100 Million German youth activists kept up the momentum in support of this motion, inviting their political representatives to local screenings of the film on child labour, The Price of Free, meeting the lead negotiator on behalf of one of the ruling parties, MP Dr. Wolfgang Stefinger, and together with Bread for the World and the German Education Union organising a large march across Berlin to the German Parliament (Bundestag) in November.
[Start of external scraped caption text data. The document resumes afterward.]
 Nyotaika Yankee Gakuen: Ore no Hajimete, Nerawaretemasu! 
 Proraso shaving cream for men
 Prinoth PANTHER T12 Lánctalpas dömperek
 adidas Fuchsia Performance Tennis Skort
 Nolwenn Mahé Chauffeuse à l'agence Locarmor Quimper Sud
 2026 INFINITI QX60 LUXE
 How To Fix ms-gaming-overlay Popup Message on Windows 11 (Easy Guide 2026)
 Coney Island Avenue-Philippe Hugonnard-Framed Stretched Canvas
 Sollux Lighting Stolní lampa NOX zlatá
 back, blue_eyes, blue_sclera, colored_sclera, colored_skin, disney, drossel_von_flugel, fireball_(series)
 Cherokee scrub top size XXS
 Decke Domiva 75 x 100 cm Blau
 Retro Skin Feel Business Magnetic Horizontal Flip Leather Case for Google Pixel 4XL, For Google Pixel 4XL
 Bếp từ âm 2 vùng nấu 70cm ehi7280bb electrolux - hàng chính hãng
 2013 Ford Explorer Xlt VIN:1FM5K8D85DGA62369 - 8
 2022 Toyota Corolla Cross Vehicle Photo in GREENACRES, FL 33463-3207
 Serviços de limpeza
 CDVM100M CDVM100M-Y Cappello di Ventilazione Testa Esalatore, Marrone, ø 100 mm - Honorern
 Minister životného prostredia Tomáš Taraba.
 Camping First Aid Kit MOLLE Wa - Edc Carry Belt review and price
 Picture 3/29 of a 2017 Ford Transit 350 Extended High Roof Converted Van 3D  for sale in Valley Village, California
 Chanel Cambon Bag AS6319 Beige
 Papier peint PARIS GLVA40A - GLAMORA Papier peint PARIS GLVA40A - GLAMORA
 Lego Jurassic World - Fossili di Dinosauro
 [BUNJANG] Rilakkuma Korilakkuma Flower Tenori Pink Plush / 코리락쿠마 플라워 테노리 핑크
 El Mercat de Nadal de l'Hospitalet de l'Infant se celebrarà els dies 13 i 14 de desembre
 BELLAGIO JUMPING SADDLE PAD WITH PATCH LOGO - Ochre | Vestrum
The march ended with a rally in front of the Bundestag, attended by politicians from a wide cross-section of Germany's political parties (aside from the far-right AFD).

In 2020, on International Youth Day, a coalition of youth activists from faith-based, political and trade union organisations as well as national and international student associations issued an open letter to the then German Chancellor, Angela Merkel, calling for stronger supply chain legislation at both German and EU levels to end child labour (picture left). 

These efforts, together with the relentless advocacy of the German civil society coalition Lieferkettengesetz, resulted in a German Supply Chain Act in July 2021. This binding legislation created strong regulatory oversight and enforcement across all major German companies, requiring them to take preventative steps to ensure there is no child labour their supply chains anywhere in the world and to fulfill other human rights and environmental obligations 

Determined to ensure this important law was replicated at the EU level, Minister Müller alongside the Federal Minister of Labour and Social Affairs, the civil society coalition Lieferkettengesetz, and the 100 Million campaign raised this issue with the European Union, eventually resulting in a consultation on new human rights and environmental legislation for major companies which led to the creation of the proposed Corporate Sustainability Due Diligence Directive. 

100 Million activists have continued to monitor the progress of this groundbreaking new law, staying vigilant for any potential roadblocks. Earlier this year the law almost fell at the final hurdle, when Germany, previous champions of the initiative, changed its vote at the last minute due to pressure from one of the parties in their governing coalition (Free Democrats Party). The All-Africa Students Union, the Global Student Forum and Nobel Peace Laureate Kailash Satyarthi issued urgent pleas to the German government, reminding them that the freedom, education and lives of some of the world’s most marginalised children should not be up for political debate.  


Despite its flaws, all EU Member States adopting this new law is a critical first step in ensuring businesses operating in, or making money in, the EU are held responsible for their actions across the world. 

We as youth, student and survivor-led organisations will be continuing to remind political leaders of the importance of this legislation in ending impunity for those who exploit children in their supply chains and providing a strong deterrence for turning a blind eye to child labour, whether it takes place in Germany or Ghana, Slovenia or Sierra Leone, The Netherlands or Nigeria. 

A huge thank you is owed to all the campaigners who worked tirelessly to ensure this new law was adopted, especially to all the 100 Million activists in Germany and across Africa.